Queries to the Data Lake#

A set of Spark-flavoured SQL queries that gather relevant data from the Wikimedia Foundation’s Analytics Data Lake.

image_suggestions.queries.wiki_sizes = "SELECT wiki_db, COUNT(*) AS size\nFROM wmf_raw.mediawiki_page\nWHERE snapshot='{}'\nAND page_namespace=0\nAND page_is_redirect=0\nGROUP BY wiki_db\n"#

Compute the amount of article pages per wiki, redirects excluded.

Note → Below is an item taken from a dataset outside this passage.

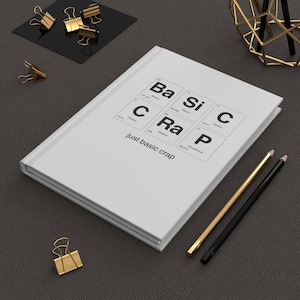 May include: A white notebook with the phrase "just basic crap" and a periodic table-style design. Gold and black pencils and binder clips are arranged around the notebook on a dark gray surface.
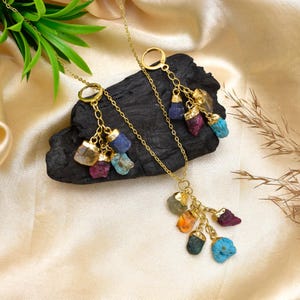 May include: A gold-colored necklace and earrings set featuring raw, colorful gemstones. The necklace and earrings have a delicate chain design, with each piece adorned with a cluster of various-colored stones, including blue, red, and yellow. The jewelry is displayed on a dark, textured surface.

image_suggestions.queries.wikidata_items_with_P18 = 'SELECT id AS item_id,\nreplace(regexp_extract(claim.mainSnak.datavalue.value, \'^"(.*)"$\', 1), \' \', \'_\') AS value\nFROM wmf.wikidata_entity\nLATERAL VIEW OUTER explode(claims) AS claim\nWHERE snapshot=\'{}\'\nAND typ=\'item\'\nAND claim.mainSnak.property=\'P18\'\n'#

Gather image Wikidata claims.

regexp_extract removes wrapping quotes from string values and replaces spaces with underscores to match image file names in page_title’s format.

image_suggestions.queries.wikidata_items_with_P373 = 'SELECT id AS item_id,\nreplace(regexp_extract(claim.mainSnak.datavalue.value, \'^"(.*)"$\', 1), \' \', \'_\') AS value\nFROM wmf.wikidata_entity\nLATERAL VIEW OUTER explode(claims) AS claim\nWHERE snapshot=\'{}\'\nAND typ=\'item\'\nAND claim.mainSnak.property=\'P373\'\n'#

Gather Commons category Wikidata claims.

regexp_extract removes wrapping quotes from string values and replaces spaces with underscores to match category names elsewhere.

image_suggestions.queries.wikidata_items_with_P31 = "SELECT id AS item_id,\nfrom_json(claim.mainSnak.dataValue.value, 'entityType STRING, numericId INT, id STRING').id AS value\nFROM wmf.wikidata_entity\nLATERAL VIEW OUTER explode(claims) AS claim\nWHERE snapshot='{}'\nAND typ='item'\nAND claim.mainSnak.property='P31'\n"#

Gather instance of Wikidata claims.

from_json extracts Wikidata QIDs, which are stored as JSON strings in claims.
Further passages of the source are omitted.